• _Aim of the exercise_:
Report every line below that carries the word "image".

◆ ◆ ◆ ◆

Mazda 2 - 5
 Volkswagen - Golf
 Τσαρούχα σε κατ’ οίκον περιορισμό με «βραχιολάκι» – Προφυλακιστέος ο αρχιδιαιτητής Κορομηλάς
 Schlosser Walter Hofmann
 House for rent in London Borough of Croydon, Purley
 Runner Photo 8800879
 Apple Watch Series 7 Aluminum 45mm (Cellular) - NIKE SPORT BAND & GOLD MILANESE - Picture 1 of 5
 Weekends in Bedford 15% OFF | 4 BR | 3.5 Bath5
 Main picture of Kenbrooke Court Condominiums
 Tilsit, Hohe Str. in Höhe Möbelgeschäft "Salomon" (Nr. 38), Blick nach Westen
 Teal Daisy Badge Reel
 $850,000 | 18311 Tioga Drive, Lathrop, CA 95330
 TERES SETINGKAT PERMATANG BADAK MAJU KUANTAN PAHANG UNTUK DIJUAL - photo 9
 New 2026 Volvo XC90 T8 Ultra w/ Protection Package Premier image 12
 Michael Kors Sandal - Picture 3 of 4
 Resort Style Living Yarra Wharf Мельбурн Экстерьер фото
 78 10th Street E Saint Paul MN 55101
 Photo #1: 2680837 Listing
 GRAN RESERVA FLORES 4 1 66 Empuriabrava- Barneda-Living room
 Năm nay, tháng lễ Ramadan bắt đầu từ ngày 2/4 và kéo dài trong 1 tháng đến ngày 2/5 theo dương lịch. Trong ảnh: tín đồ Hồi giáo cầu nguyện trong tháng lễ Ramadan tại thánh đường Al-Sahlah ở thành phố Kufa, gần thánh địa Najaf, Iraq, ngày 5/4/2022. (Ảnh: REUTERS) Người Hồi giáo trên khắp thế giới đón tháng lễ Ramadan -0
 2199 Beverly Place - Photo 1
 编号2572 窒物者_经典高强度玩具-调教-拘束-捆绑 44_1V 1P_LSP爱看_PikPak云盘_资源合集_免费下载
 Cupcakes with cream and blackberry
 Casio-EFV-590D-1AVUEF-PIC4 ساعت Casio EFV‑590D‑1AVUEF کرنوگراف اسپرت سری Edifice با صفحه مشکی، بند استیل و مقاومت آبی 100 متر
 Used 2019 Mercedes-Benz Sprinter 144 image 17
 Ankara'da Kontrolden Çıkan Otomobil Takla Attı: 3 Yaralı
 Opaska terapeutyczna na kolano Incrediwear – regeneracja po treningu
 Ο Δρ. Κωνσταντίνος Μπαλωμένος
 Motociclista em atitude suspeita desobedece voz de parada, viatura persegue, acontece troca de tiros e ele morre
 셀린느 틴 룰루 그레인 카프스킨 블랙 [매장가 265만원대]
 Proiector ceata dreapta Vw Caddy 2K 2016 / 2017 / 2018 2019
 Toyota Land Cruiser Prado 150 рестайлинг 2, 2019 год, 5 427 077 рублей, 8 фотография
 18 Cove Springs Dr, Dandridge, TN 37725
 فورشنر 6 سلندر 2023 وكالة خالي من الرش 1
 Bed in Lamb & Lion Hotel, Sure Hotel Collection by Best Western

◆ ◆ ◆ ◆

• _Final answer_:
 New 2026 Volvo XC90 T8 Ultra w/ Protection Package Premier image 12
 Used 2019 Mercedes-Benz Sprinter 144 image 17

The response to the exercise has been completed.